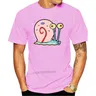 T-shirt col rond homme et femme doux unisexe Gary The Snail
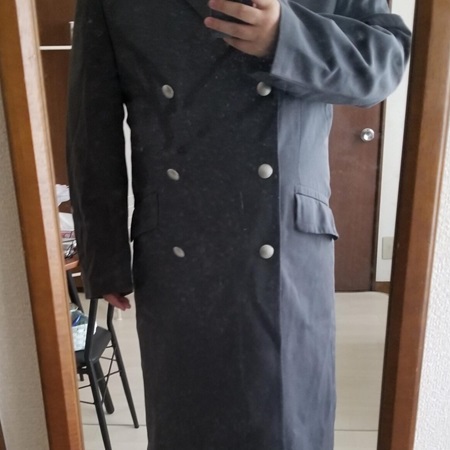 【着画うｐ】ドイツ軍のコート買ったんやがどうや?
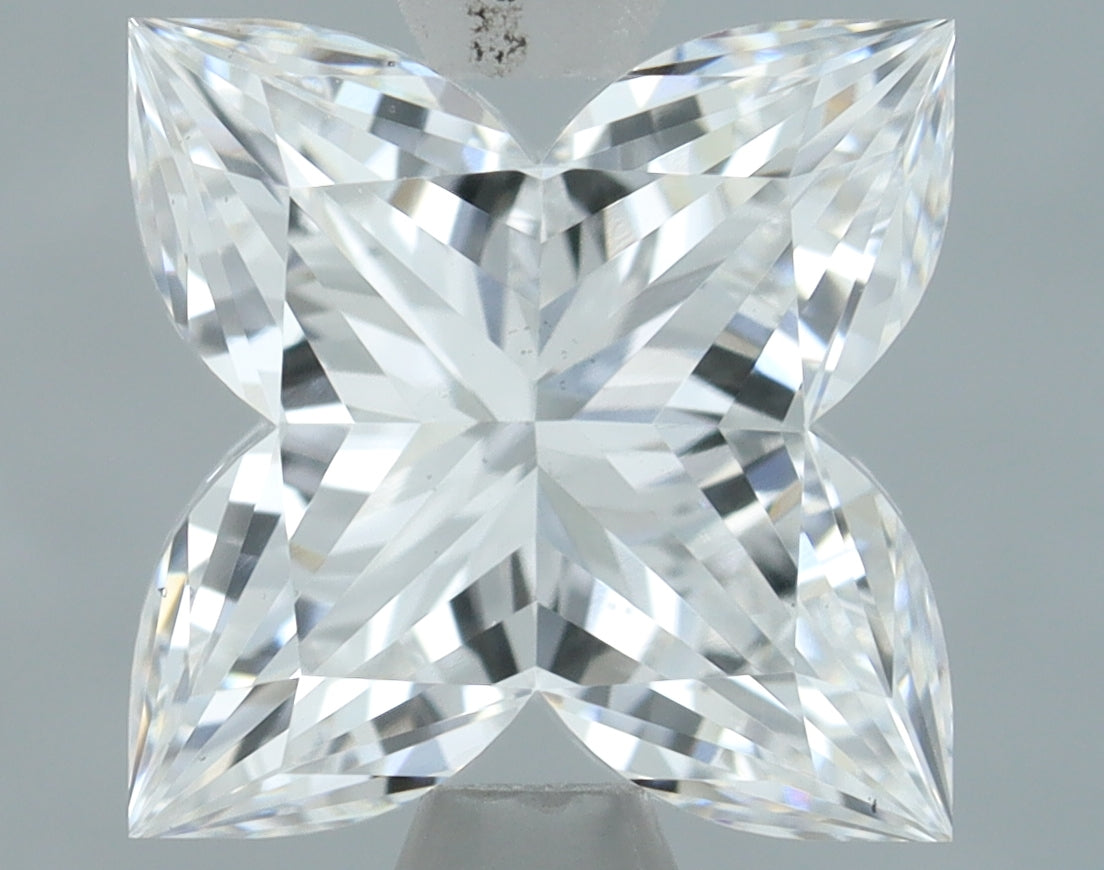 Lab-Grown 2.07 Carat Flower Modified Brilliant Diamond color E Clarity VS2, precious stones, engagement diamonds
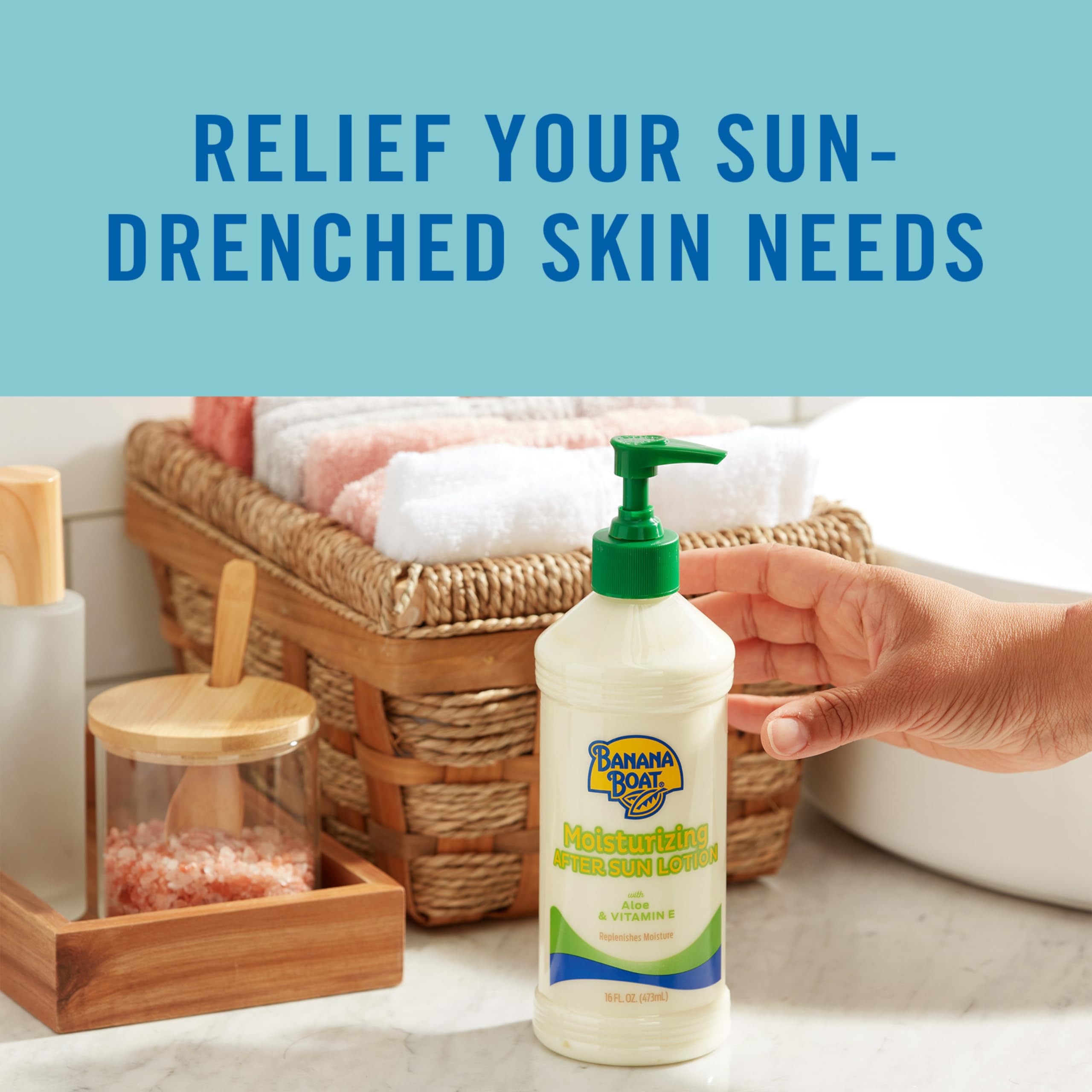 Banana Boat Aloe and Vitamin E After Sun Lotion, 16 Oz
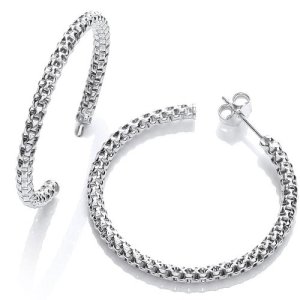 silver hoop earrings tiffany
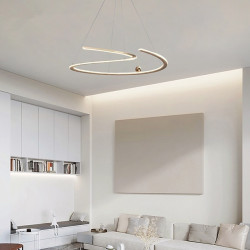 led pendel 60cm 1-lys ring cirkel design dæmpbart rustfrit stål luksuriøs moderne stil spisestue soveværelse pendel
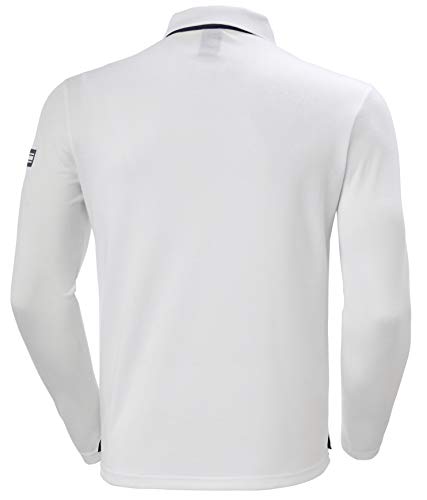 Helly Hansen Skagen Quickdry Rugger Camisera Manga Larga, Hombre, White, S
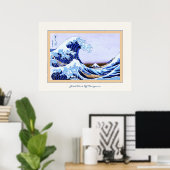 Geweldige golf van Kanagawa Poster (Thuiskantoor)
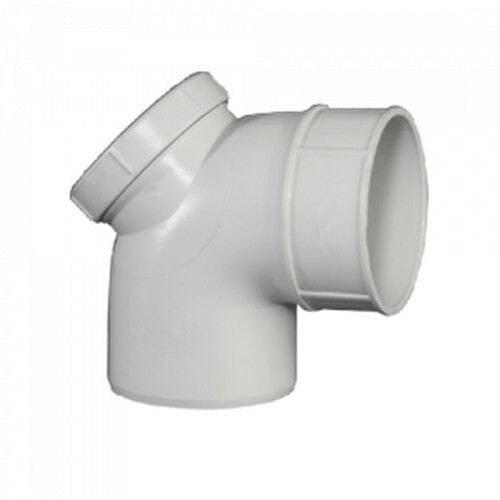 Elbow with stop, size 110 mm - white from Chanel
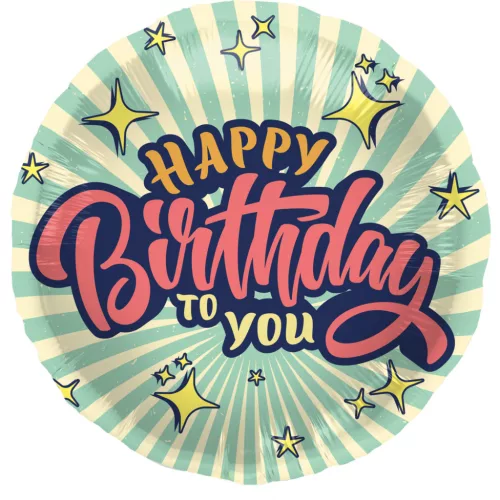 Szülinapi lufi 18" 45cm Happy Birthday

= = = = = = =

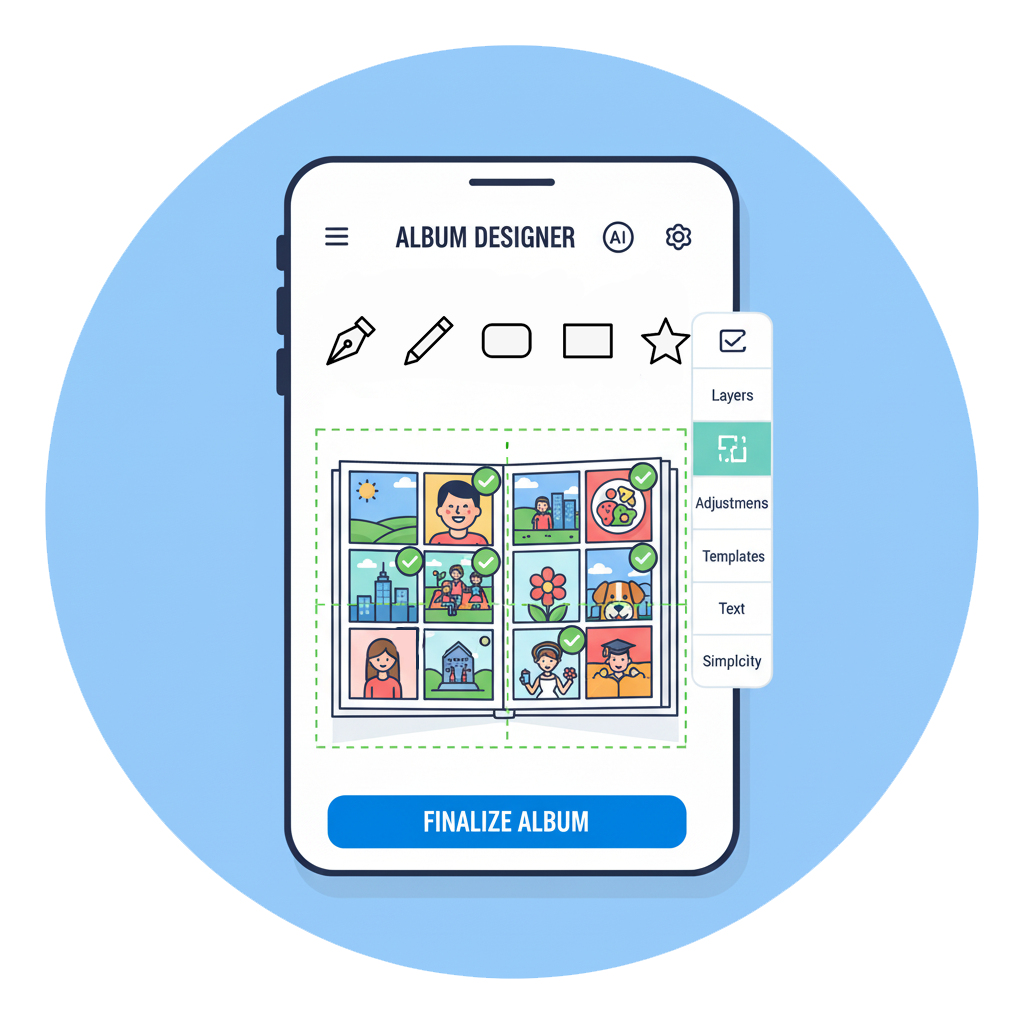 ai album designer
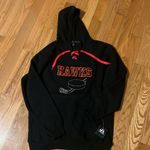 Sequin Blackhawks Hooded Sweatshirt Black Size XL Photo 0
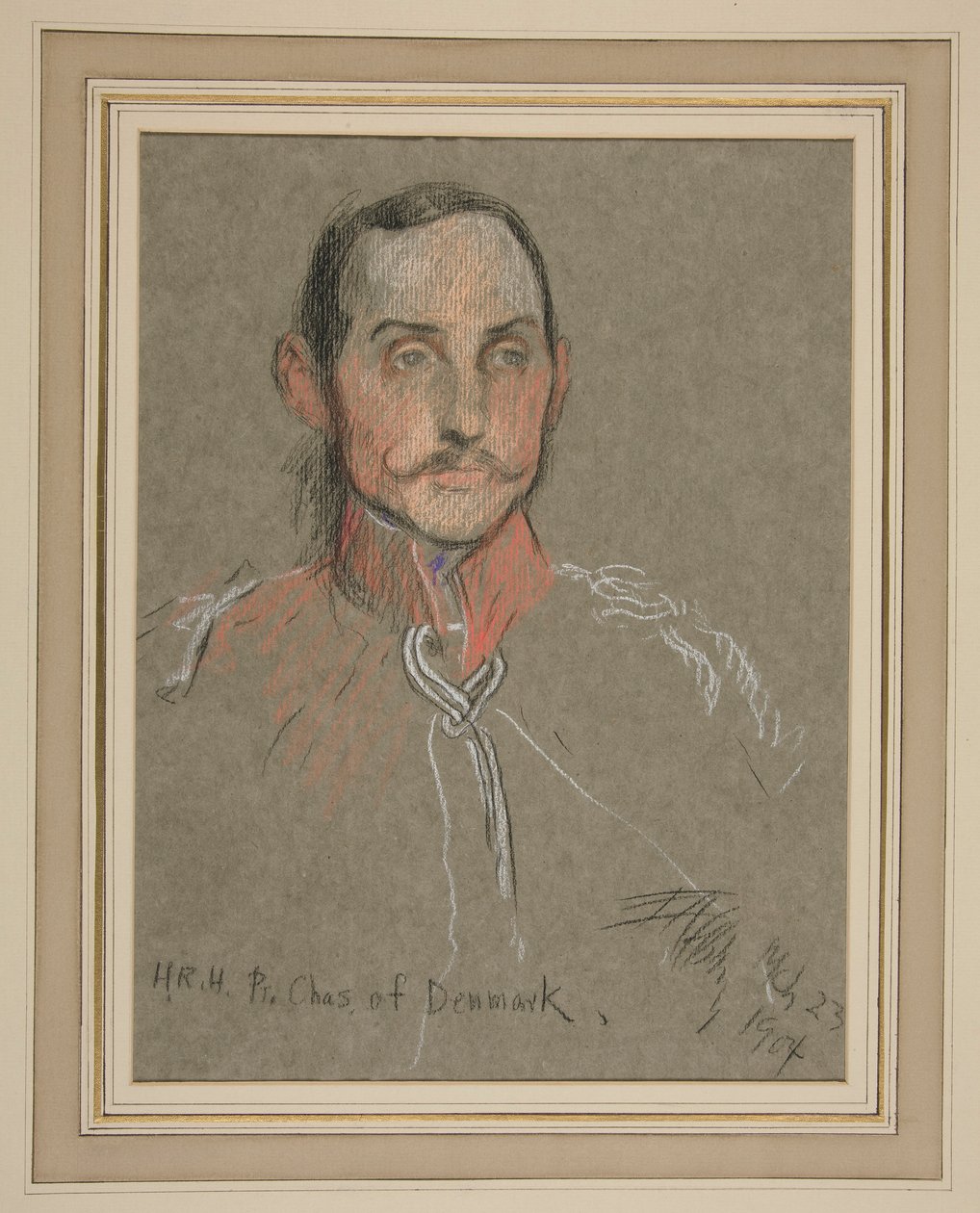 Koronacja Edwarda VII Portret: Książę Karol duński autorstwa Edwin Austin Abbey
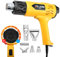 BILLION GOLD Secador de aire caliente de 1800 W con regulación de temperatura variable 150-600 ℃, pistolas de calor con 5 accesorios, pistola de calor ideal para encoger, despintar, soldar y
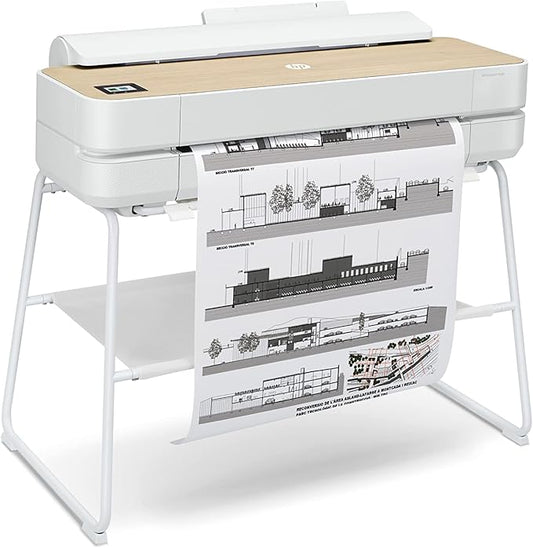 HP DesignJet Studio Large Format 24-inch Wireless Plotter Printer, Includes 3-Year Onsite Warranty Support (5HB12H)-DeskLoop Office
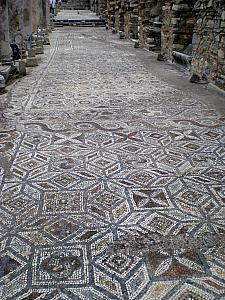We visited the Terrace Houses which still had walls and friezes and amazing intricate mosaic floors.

= = = = = = =

■ Try it
Nothing but the lines above from the one that has "T-shirt col rond" down to the one that has "45cm Happy Birthday" belongs in the answer, copied exactly, without pictures.

■ Response area
 T-shirt col rond homme et femme doux unisexe Gary The Snail
 【着画うｐ】ドイツ軍のコート買ったんやがどうや?
 Lab-Grown 2.07 Carat Flower Modified Brilliant Diamond color E Clarity VS2, precious stones, engagement diamonds
 Banana Boat Aloe and Vitamin E After Sun Lotion, 16 Oz
 silver hoop earrings tiffany
 led pendel 60cm 1-lys ring cirkel design dæmpbart rustfrit stål luksuriøs moderne stil spisestue soveværelse pendel
 Helly Hansen Skagen Quickdry Rugger Camisera Manga Larga, Hombre, White, S
 Geweldige golf van Kanagawa Poster (Thuiskantoor)
 Elbow with stop, size 110 mm - white from Chanel
 Szülinapi lufi 18" 45cm Happy Birthday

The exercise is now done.